Question

In the reaction A and B respectively are:
\[C{{H}_{3}}COOH+\xrightarrow{LiAl{{H}_{4}}}A+C{{H}_{3}}COOH\xrightarrow{{{H}_{3}}{{O}^{+}}}B+{{H}_{2}}O\]

Answer 1

Hint : We know that $LiAl{{H}_{4}}$ is a reducing agent that transfers a hydride from aluminium. Lithium aluminium hydride is a strong donor reagent and rapidly reduces ester acids, nitriles, amides, as well as aldehydes and ketones. It does not reduce isolated carbon- carbon double bonds.
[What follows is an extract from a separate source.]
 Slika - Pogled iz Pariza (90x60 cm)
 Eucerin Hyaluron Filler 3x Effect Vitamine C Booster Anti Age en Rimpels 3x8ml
Complete Step By Step Answer:
Lithium aluminium hydride is nucleophilic reagent and they generally attack polarized multiple bonds such as $C=O,C\equiv N$ , by the transfer of hydride ions to the more positive atom. They do not reduce isolated carbon-carbon double bond $C=C$. Lithium aluminium hydride is a strong reducing agent and can reduce most of the commonly encountered organic functional groups. For example the aldehyde gets converted to primary alcohol, similarly Ketones on reaction with lithium aluminium hydride gets converted to secondary alcohol.
Ester gets converted to two different alcohols depending upon the alkyl group attached. Carboxylic acid gets converted to alcohol. Similarly amide converted to the amine. Thus we can say aldehydes , ketones , esters, carboxylic acids and lactones can all be reduced smoothly to corresponding alcohol under mild conditions. Carboxylic amides are converted to amines or aldehydes. Here in the given question, acetic acid is reacting with lithium aluminium hydride. Since carboxylic acids get converted to corresponding alcohol, then acetic acid will form ethyl alcohol or ethanol. The chemical reaction
\[C{{H}_{3}}COOH+4H\xrightarrow{LiAl{{H}_{4}}}\underset{\left( A \right)}{\mathop{C{{H}_{3}}C{{H}_{2}}OH}}\,+{{H}_{2}}O\]
Thus, on further reaction with ${{H}_{3}}{{O}^{+}}.$
\[C{{H}_{3}}C{{H}_{2}}OH+C{{H}_{3}}COOH\xrightarrow{{{H}_{3}}{{O}^{+}}}\underset{\left( B \right)}{\mathop{C{{H}_{3}}COO{{C}_{2}}{{H}_{5}}}}\,+{{H}_{2}}O\]

Note :
Remember that Lithium aluminium hydride is a stronger reducing agent which directly converts carboxylic acid to alcohol. On the other hand sodium borohydride is also a hydride transfer reducing agent, but it is a very selective reducing agent. It does not reduce carboxylic acid. It does not react or slowly react with esters.